Describe the role of the contingency table in the test of independence and how it is used to calculate the expected frequencies.
The contingency table is central to the test of independence, as it displays the frequency distribution of the two categorical variables being analyzed. The expected frequencies under the assumption of independence are calculated based on the marginal totals of the contingency table. Specifically, the expected frequency for each cell is the product of the corresponding row and column totals divided by the total number of observations. The chi-square statistic is then calculated by comparing the observed frequencies in the contingency table to these expected frequencies, providing a measure of the discrepancy between the two.

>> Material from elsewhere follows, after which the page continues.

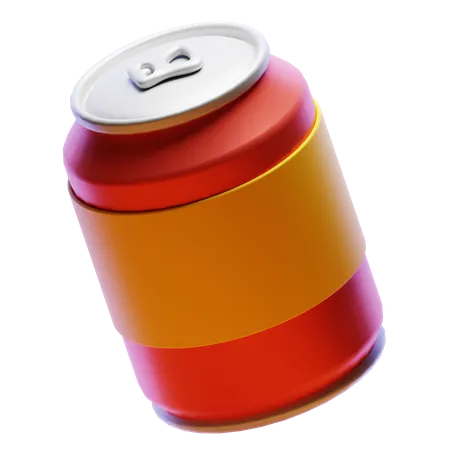 Red Soda  3D Icon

Explain the interpretation of the p-value from the test of independence and how it is used to draw conclusions about the relationship between the variables.
The p-value from the test of independence represents the probability of observing the given test statistic (or a more extreme value) if the null hypothesis of independence is true. If the p-value is less than the chosen significance level, typically 0.05, the null hypothesis is rejected, indicating that the two variables are not independent and are related. In other words, the low p-value suggests that the observed frequencies in the contingency table are unlikely to have occurred by chance if the variables were truly independent. This allows the researcher to conclude that the two variables are associated and that there is a significant relationship between them.